I'm recently reading something which briefly introduces C symmetry. So the thing that confuses me is that how does the spatial wave function contribute the (-1)^L factor?

Thanks!

 

[ofirg]

Hi,

I'm recently reading something which briefly introduces C symmetry. So the thing that confuses me is that how does the spatial wave function contribute the (-1)^L factor?

Thanks!

It would be beneficial to point to your reference.

But I would imagine you're referring to a particle-anti particle pair after a C symmetry transformation. The (-1)^{L} factor comes from exchanging the particle coordinates in the spatial wave function after applying the C operator to return the state to its previous appearance. The parity of the spatial wave functions under that exchange is (-1)^{L}.

 

[ChrisVer]

Suppose you have a particle A and an antiparticle \bar{A}... the system of two together is an eigenstate of the charge conjugation operator C... that is because:
C |A \bar{A}> = |\bar{A} A> =^{(?)} \lambda_C |A \bar{A}>
See the questionmark... again a reminder: a state |a> is an eigenstate of an operator O with eigenvalue c_a if the following equation holds: O |a> = c_a |a>.

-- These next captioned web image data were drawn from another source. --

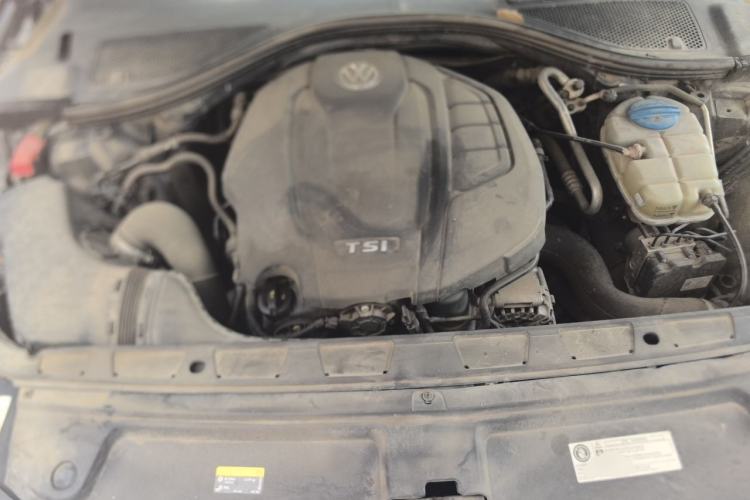 Used Volkswagen Phideon 2018 380TSI Two-Wheel Drive Business Edition Engine Bay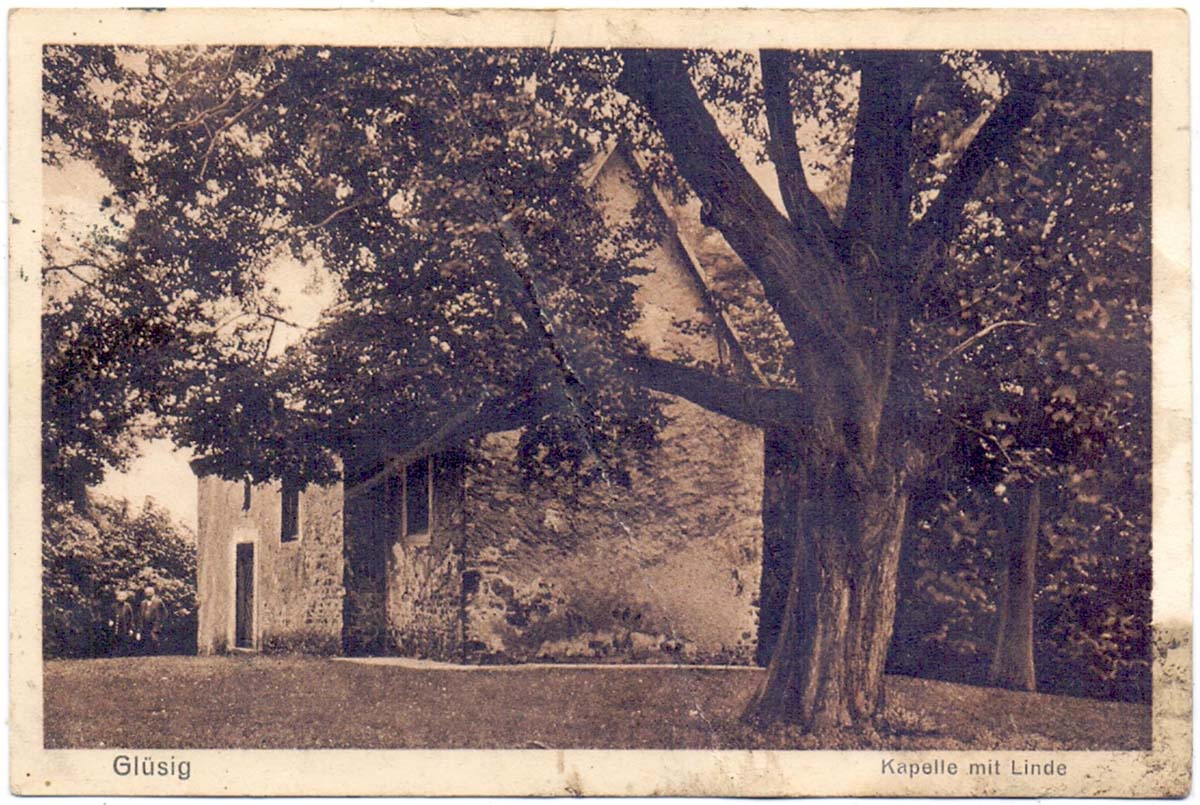 Hohe Börde. Glüsig - Kapelle mit Linde, 1926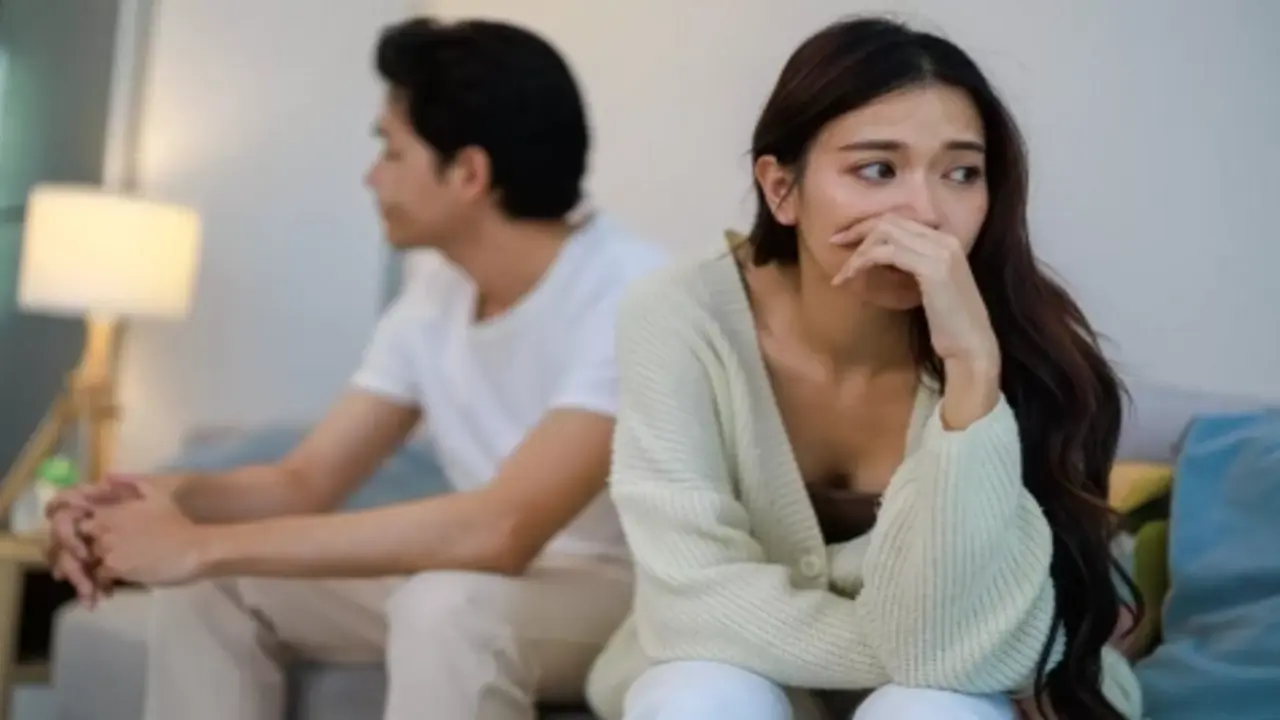 Góc khuất ngoại tình nhìn từ một lễ tân khách sạn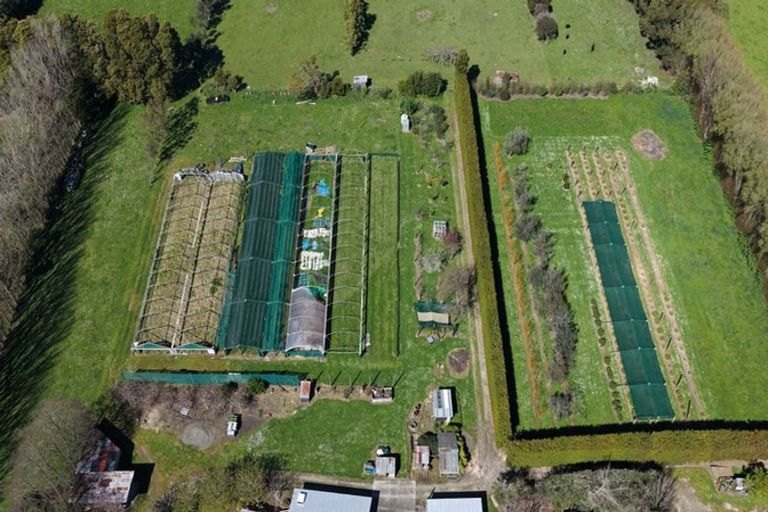 Photo of property in 22 Walkers Road, Longburn, Palmerston North, 4477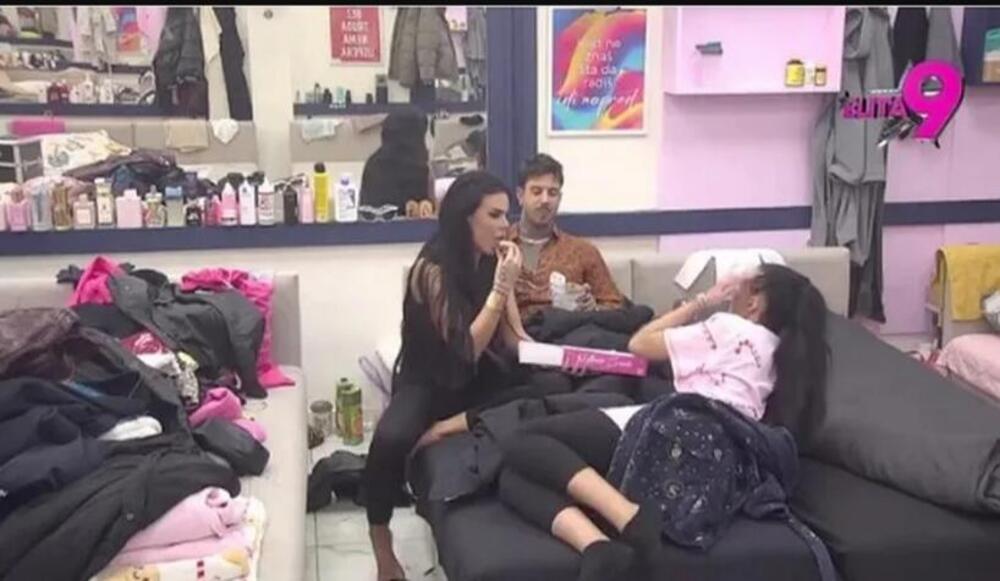 JU, SRAMOTE! Žestoko se "prašili" usred dana, a onda im ULETELA ONA ISPOD POKRIVAČA! Scena šokira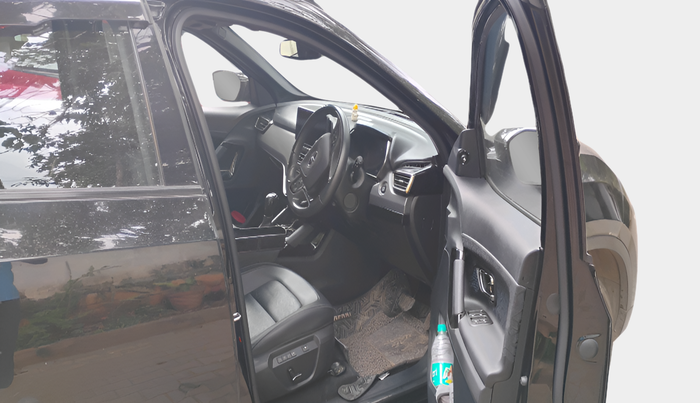 2023 Tata Safari XZA PLUS O 6STR, Diesel, Automatic, 47,704 km, interior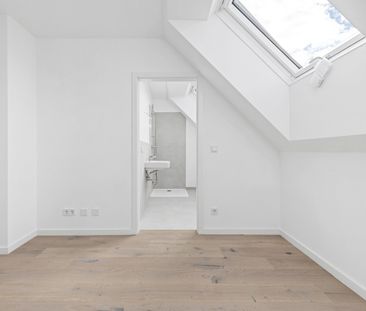 MODERNE DACHGESCHOSSWOHNUNG MIT HERRLICHER SÜD-WEST- TERRASSE - Photo 4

Now again you asked where does the (-1)^L comes from. Well, L is the angular momentum of the system... This becomes obvious if you drew the particle-antiparticle pair, but on maths it becomes obvious if you assign to them their position x_{A}, \bar{x}_A for the particle and antiparticle respectively.
C |A (x_A) \bar{A}(\bar{x}_A)> = |\bar{A}(x_A) A(\bar{x}_A)> = (-1)^L |A(x_A) \bar{A}(\bar{x}_A)>
Since the middle step of the above equation is the parity applied on A which was on x_A and Abar which was on barx_A (got the positions exchanged)
(that's what happens in the spatial-coord space)